U.S. credit card chargeoffs edged lower in February after hitting a six-month high in January, according to Fitch Ratings, while delinquencies continued to ease.
However, the New York ratings company reiterated Friday that the sector's woes are likely to persist as employment stays weak.
Chargeoffs among prime-rated customers fell 0.1 percentage point, to 11.27%, in February, up 34% from a year earlier.
Fitch said that chargeoff rates have been volatile in recent months because issuers have offered a variety of incentives to cardholders, such as payment holidays. Citigroup Inc. reported a 150-basis-point rise in its chargeoff rate, and JPMorgan Chase & Co.'s rate fell 196 basis points.

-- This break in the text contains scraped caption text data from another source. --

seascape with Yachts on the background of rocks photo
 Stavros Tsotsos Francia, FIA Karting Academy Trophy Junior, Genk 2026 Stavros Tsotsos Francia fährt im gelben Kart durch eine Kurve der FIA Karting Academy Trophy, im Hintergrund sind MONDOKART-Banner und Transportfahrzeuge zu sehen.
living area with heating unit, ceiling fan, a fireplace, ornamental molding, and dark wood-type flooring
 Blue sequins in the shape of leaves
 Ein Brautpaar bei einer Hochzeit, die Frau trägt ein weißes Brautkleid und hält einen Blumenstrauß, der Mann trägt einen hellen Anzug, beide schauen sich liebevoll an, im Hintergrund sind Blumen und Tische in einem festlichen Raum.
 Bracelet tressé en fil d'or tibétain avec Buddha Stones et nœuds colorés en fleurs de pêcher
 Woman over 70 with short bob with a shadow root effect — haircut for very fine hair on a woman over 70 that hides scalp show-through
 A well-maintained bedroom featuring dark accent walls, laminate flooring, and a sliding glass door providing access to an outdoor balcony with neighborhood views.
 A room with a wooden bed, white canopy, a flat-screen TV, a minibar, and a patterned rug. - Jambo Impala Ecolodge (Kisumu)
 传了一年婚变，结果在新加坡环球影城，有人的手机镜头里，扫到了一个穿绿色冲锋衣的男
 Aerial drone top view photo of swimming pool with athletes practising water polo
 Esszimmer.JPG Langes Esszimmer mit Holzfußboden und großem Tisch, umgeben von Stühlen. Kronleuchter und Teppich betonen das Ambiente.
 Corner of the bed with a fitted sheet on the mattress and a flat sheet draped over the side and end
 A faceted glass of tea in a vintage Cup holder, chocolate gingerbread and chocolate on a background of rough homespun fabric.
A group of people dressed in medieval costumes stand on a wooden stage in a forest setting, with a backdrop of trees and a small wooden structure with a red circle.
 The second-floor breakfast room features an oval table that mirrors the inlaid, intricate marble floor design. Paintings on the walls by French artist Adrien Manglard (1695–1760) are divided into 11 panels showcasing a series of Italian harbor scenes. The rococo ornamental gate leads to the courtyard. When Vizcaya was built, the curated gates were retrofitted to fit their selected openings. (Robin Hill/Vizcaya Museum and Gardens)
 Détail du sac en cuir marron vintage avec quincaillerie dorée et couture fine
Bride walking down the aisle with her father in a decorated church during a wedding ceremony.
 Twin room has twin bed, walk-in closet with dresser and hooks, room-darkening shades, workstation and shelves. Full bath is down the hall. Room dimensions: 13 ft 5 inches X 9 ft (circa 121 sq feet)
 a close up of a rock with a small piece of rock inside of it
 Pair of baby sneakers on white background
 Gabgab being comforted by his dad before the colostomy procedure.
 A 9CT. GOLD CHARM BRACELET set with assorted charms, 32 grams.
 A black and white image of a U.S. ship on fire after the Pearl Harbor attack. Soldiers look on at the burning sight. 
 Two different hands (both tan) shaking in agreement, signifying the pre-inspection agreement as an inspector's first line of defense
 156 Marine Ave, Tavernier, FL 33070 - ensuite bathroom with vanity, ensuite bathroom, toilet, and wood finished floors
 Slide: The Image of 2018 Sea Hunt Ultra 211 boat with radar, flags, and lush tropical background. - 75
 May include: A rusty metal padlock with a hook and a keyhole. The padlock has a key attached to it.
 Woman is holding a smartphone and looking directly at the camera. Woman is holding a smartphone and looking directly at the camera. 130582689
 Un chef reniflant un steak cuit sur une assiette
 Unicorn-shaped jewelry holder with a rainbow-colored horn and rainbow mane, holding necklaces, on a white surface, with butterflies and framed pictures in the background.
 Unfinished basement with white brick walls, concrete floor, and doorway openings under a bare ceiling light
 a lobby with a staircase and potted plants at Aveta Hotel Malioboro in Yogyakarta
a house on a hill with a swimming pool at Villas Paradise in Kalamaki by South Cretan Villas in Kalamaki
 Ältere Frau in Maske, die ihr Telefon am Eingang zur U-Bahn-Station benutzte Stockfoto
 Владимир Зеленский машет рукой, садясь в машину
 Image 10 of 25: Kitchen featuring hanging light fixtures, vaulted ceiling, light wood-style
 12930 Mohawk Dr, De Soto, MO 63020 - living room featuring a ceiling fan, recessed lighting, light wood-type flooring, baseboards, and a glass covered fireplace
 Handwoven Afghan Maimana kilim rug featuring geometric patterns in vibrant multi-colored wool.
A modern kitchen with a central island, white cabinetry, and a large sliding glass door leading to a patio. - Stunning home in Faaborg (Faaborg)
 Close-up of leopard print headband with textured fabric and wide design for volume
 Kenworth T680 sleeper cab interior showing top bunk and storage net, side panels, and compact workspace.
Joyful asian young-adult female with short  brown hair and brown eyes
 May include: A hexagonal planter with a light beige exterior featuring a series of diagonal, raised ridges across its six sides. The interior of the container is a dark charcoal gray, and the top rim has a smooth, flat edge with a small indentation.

"U.S. consumer credit quality remains under considerable pressure, although the pace of deterioration has moderated in recent months," Fitch managing director Michael Dean said in a press release. "Continued labor market strain means defaults and delinquencies will remain elevated for the coming months."
Meanwhile, the share of accounts at least 60 days past due fell 0.06 point, to 4.44%. Fitch said this delinquency rate has held stead between 4% and 4.5% for more than a year and remains above 2009's average despite two months of declines.
The 30-day delinquency rate fell by the same amount, to 5.66%. The ratings agency said it does not expect to see chargeoff rates slide until a significant decline in delinquencies occurs.
Still, Fitch said the results "could provide an early insight to a possible recovery for chargeoffs in the later months." Also, the proportion of monthly balances paid by customers fell 0.55 of a percentage point, to 18.8%, which is still 19% higher than a year earlier.